Akhirnya, Khalidiyah memastikan pula penanaman pengaruh Naqsyabandiyah secara permanen di dunia Melayu Indonesia. Abdullah Makki mempunyai murid dari Sumatera yaitu Ismail Minangkabawi. Setelah lama menetap di Makkah, Minangkabawi menetap di Penyengat wilayah kepulauan Riau. Di sana, ia memperoleh kesetiaan dari keluarga pemerintahan, yang sudah mulai diperkenalkan pada Naqsyabandiyah oleh Duta-duta pemerintah yang dikirim dari Madinah oleh Muhammad Mazhhar. Dia juga pergi ke Melayu hingga Kedah, mempropagandakan Khalidiyah ke mana pun ia pergi. Namun usahanya merupakan rintisan, dan digantikan oleh kegiatan dua Khalidiyah yang tinggal di Makkah yaitu Khalil Hamdi Pasya dan Syekh Sulaiman Zuhdi. Kenyataan bahwa kedua orang ini adalah pesaing, saling menuduh bahwa yang lainnya adalah menyimpang dari prinsip Naqsyabandiyah, menyiratkan betapa dunia Melayu Indonesia menjadi sumber pengikut yang kaya untuk Naqsyabandiyah. Dalam jangka panjang, Sulaiman Zuhdi lebih berhasil dari pada pesaingya, hingga Jabal Abi Qubais di Makkah, tempat dia tinggal, dipandang sebagai sumber seluruh Tarekat Naqsyabandiyah di Asia Tenggara. Di antara murid ini banyak yang mendirikan Khalidiyah di berbagai tempat di Sumatera, Jawa dan Sulawesi, yang paling penting adalah Abdil Wahab Rokan (w. 1926). Beliau dikirim dari Makkah pada tahun 1868 dengan misi untuk menyebarkan Khalidiyah di seluruh Sumatera, dari Aceh sampai Palembang — misi yang beliau dilaksanakan dengan sukses besar adalah dari pesantrennya di Bab Al-Salam, Lengkat-Tinggal menetap selama tiga tahun di Johor, dan memungkinkan dia untuk memperluas pengaruhnya lebih jauh ke Semenanjung Malaya.

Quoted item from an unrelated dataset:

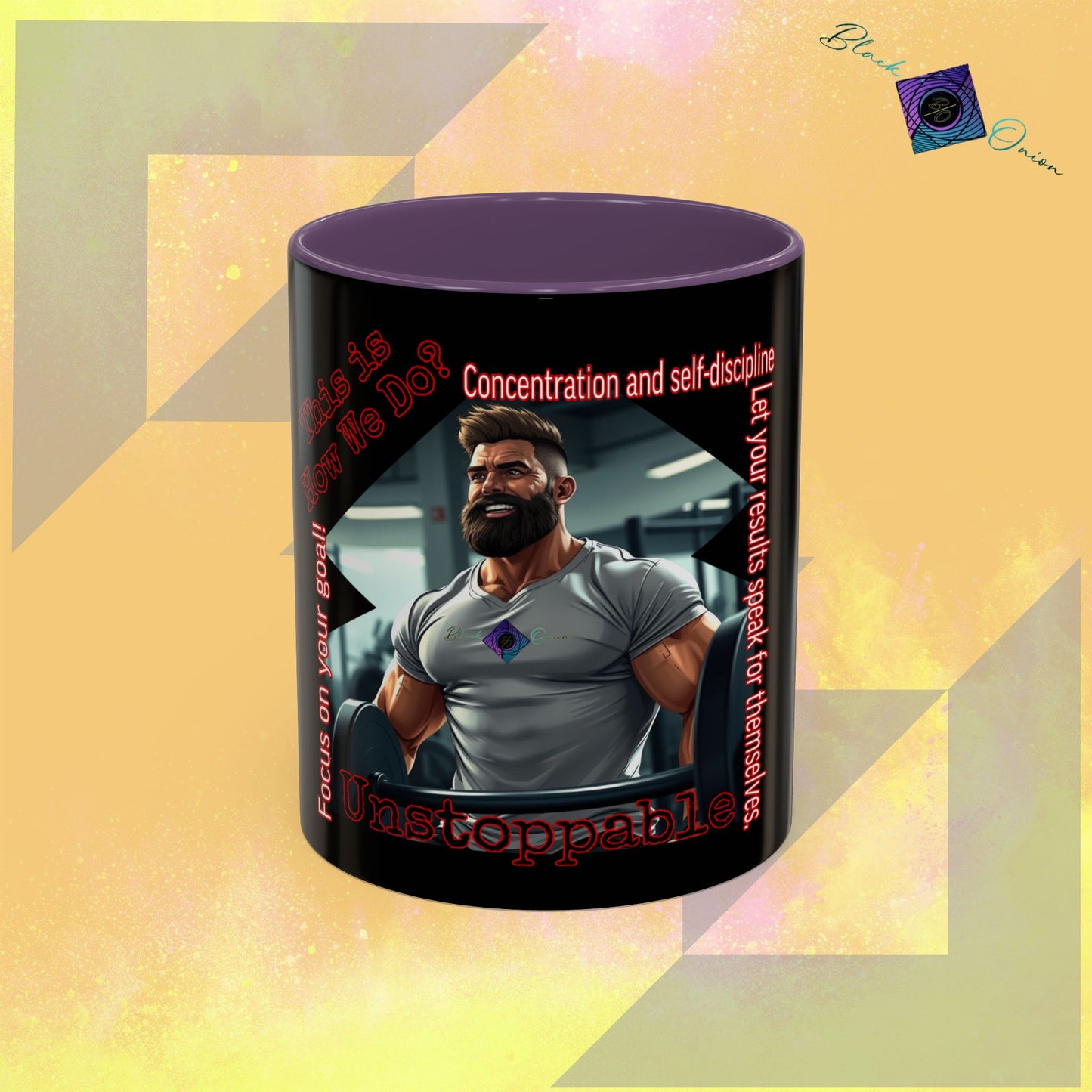 BlackOnion Coffee Mug Serial 2 with Workout Motif ‘Unstoppable’🫵🔥💪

Praktik Naqsyabandiyah di Dunia Melayu Indonesia sejak dini sangat berbeda dengan adanya ritual yang disebut dengan suluk, yakni menyendiri dengan jangka waktu yang berbeda-beda dan sebagian diiringi dengan puasa. Asal usul praktik ini sangat berbeda dengan tradisi Naqsyabandiyah yang tidak diketahui. Putusnya hubungan dengan Makkah akibat penaklukan Hijaz oleh kaum Wahabiyah makin menambah ciri khas bagi kaum Naqsyabandiyah di Melayu Indonesia.
Peran Politik
Tidak semua perkembangan formatik yang berkenaan dengan Naqsyabandiyah berkaitan dengan Ghulam Ali Dihlavi dan keturunannya. Salah satu keturunan dari Ahmad Sirhindi didirikan di Syur Bazar di pinggiran Kabul pada pertengahan abad ke-19, dan para anggota cabang ini memainkan peranan penting dalam urusan negara Afghanistan hingga pembentukan negara pasca Komunis pertama pada tahun 1991. Di tempat lain di Asia Tengah, Naqsyabandiyah dari berbagai keturunan menonjol dalam perlawanannya terhapap Rusia dan sesudahnya. Dengan demikian pertahanan Goktepe oleh para Turkmen Akhel-Tekke diarahkan oleh seorang pengikut Naqysabandiyah, yaitu Muhammad Ali Ihsan (Dukchi Ikhsan). Naqsyabandiyah juga memimpin pemberontakan melawan pemerintah Cina di Xinjing pada tahun 1863 dan 1864 dan di Shannxi serta Gunsu antara 1862 dan 1873.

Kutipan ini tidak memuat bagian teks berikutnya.